• _Your goal_
Stop at the line that contains "(Left to right)". Until then, set down each line of the records exactly, beginning with the first, and skip pictures.

━━━ Source material ━━━

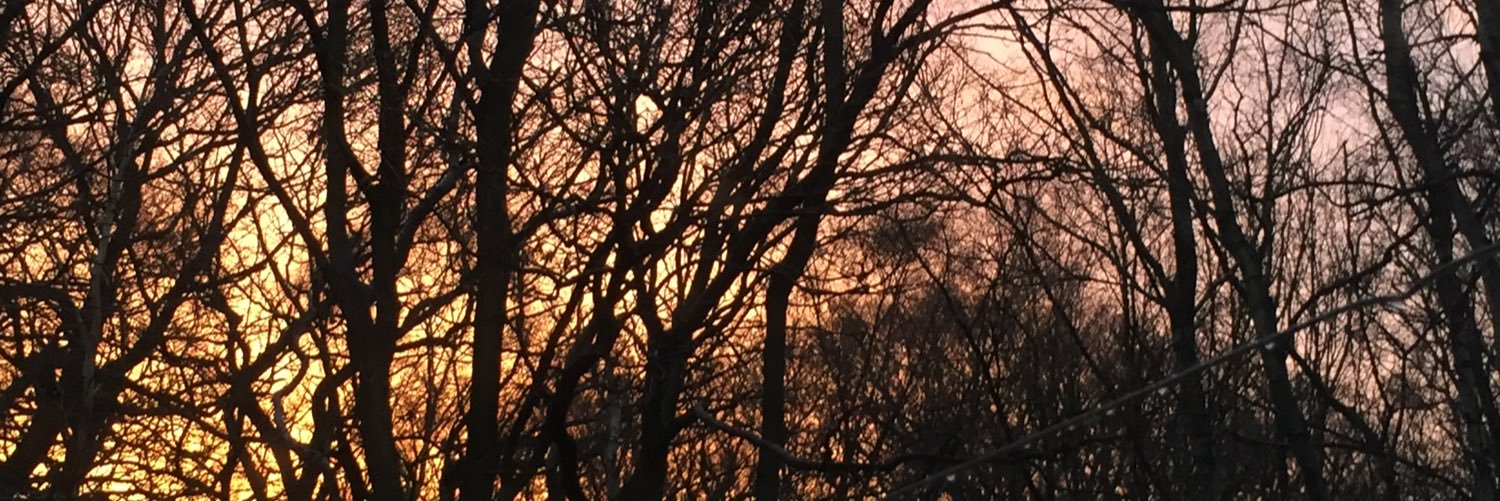 NelH90's profile banner image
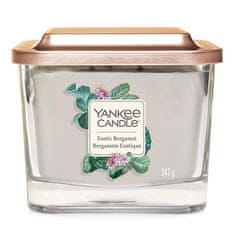 Yankee Candle Sveča v stekleni vazi , Eksotični bergamot, 347 g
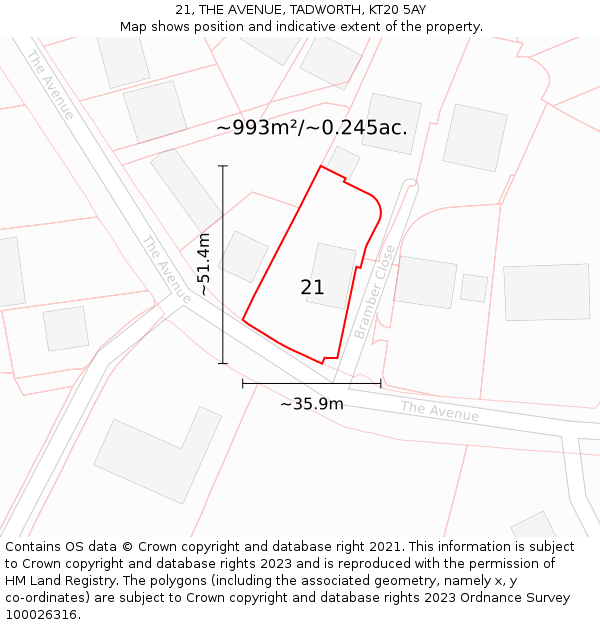 21, THE AVENUE, TADWORTH, KT20 5AY: Plot and title map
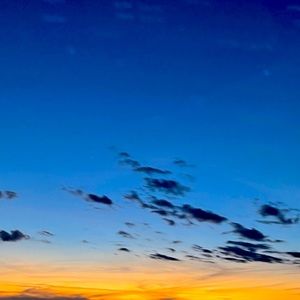 Meet your Posher, Cinsonya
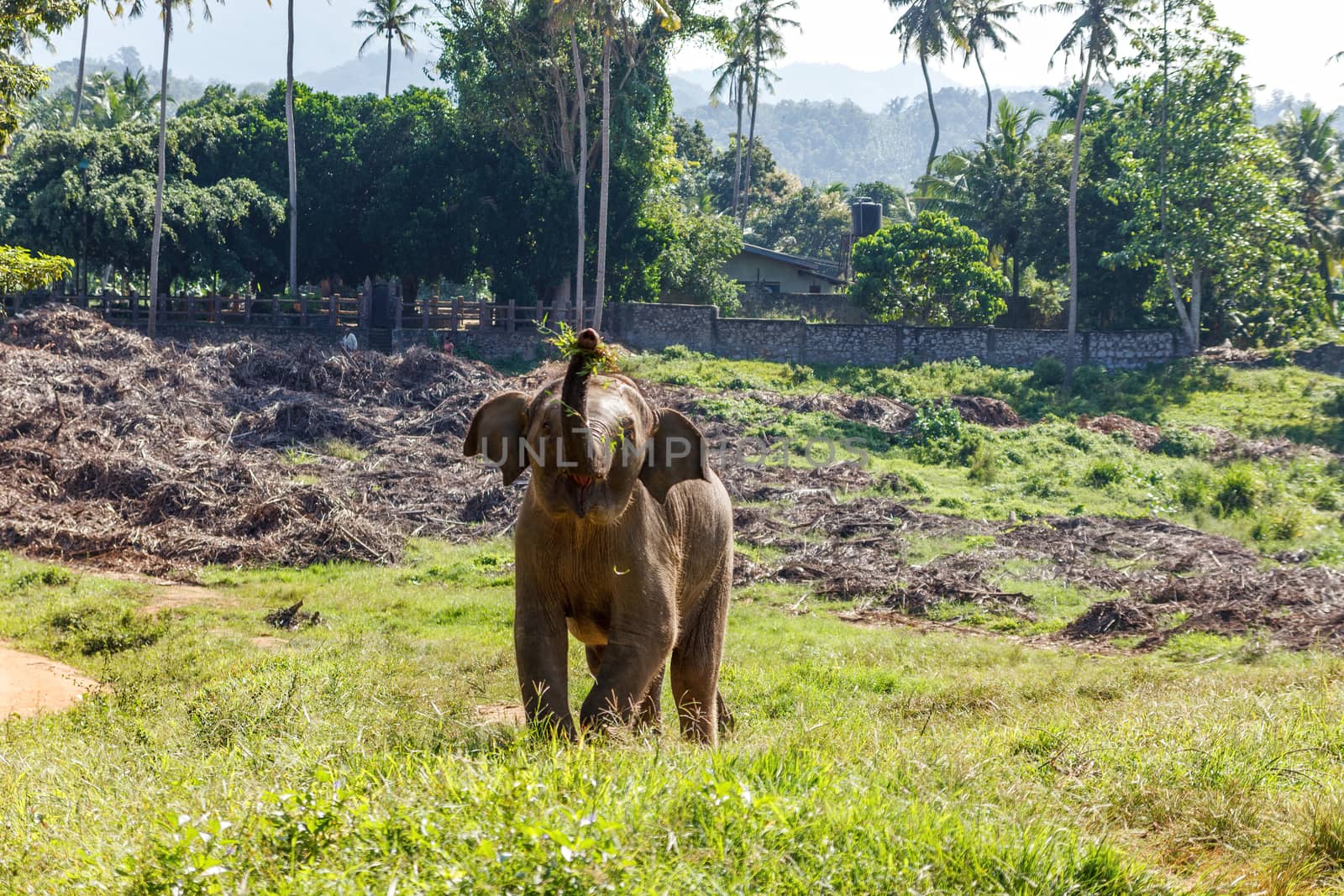 Baby juvenile elephant grazing and enjoying the beautiful whether. by dugulan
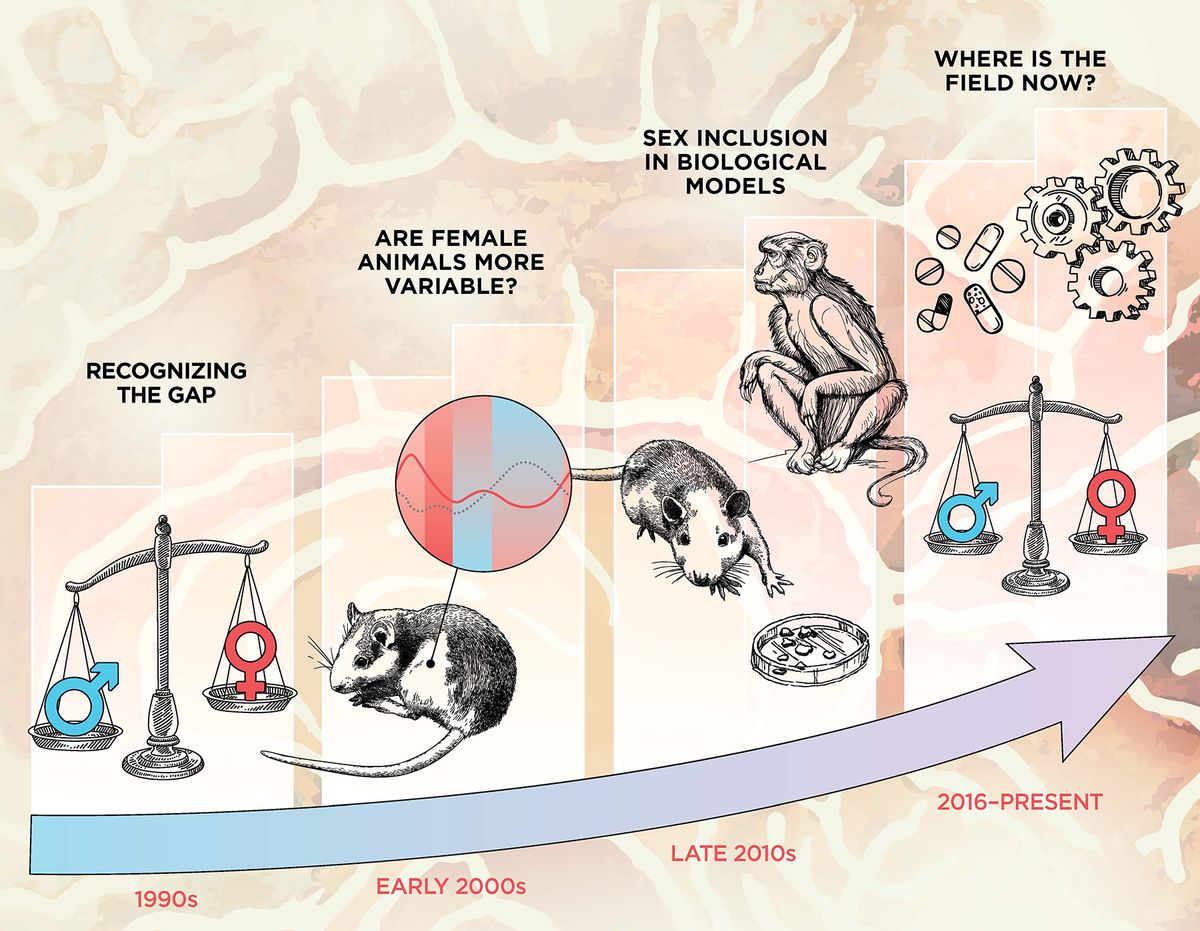 (Left to right) The first panel is an image of an uneven scale, with the blue male symbol weighing heavier than the red female symbol. The second panel features a mouse with a callout depicting various red and blue lines to represent the estrous cycle. In the third panel, there are images of a mouse, marmoset, and cell culture dish. In the final panel, there is an image of therapeutic pills and gears, representing cognitive function, above a balanced scale. Now the male and female symbols are even.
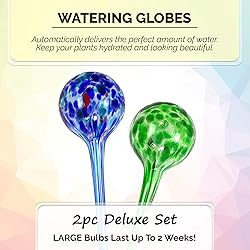 Blazin Self Watering Bulbs for Plants | Automatic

━━━

• _Answer to this problem_
 NelH90's profile banner image
 Yankee Candle Sveča v stekleni vazi , Eksotični bergamot, 347 g
 21, THE AVENUE, TADWORTH, KT20 5AY: Plot and title map
 Meet your Posher, Cinsonya
 Baby juvenile elephant grazing and enjoying the beautiful whether. by dugulan
 (Left to right) The first panel is an image of an uneven scale, with the blue male symbol weighing heavier than the red female symbol. The second panel features a mouse with a callout depicting various red and blue lines to represent the estrous cycle. In the third panel, there are images of a mouse, marmoset, and cell culture dish. In the final panel, there is an image of therapeutic pills and gears, representing cognitive function, above a balanced scale. Now the male and female symbols are even.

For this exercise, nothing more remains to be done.